Portuguese restaurant

Bacalhau à Narcisa (/pt/, meaning "salt cod in the style of Narcisa") was a traditional restaurant in the city of Braga, Portugal, founded in 1930 and closed in 2008. It became nationally known for its tavern-like atmosphere, where, for about a century, the traditional Bacalhau à Narcisa was served.

The restaurant specialized in preparing cod (bacalhau), which was fried in olive oil in a full pan, served with sliced fried potatoes and accompanied by red or white Vinho Verde. Despite the name, the recipe was created by Dona Eusébia (who died in 1972), who kept the name of the tavern that had belonged to a certain Narcisa.

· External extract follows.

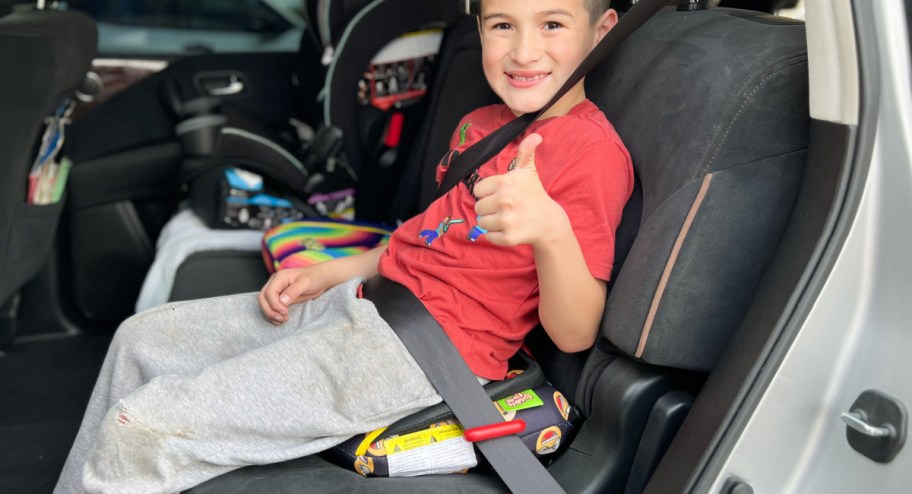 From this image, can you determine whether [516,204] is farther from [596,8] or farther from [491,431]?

Due to her advanced age, Narcisa could not continue running the business and handed it over to Dona Eusébia and her husband, Félix Ferreira Valença, in the mid-1930s.

This restaurant was considered by the Lusa News Agency as "one of the most emblematic in Braga." It is said to have been visited by famous figures such as the fado singer Amália Rodrigues and the actress Beatriz Costa, due to the renown of its cod dish.

A namesake restaurant in its honor opened on June 11, 2025, on Rua de São Domingos, near the site of the original establishment at Largo de Monte de Arcos, both in the parish of São Victor, Braga.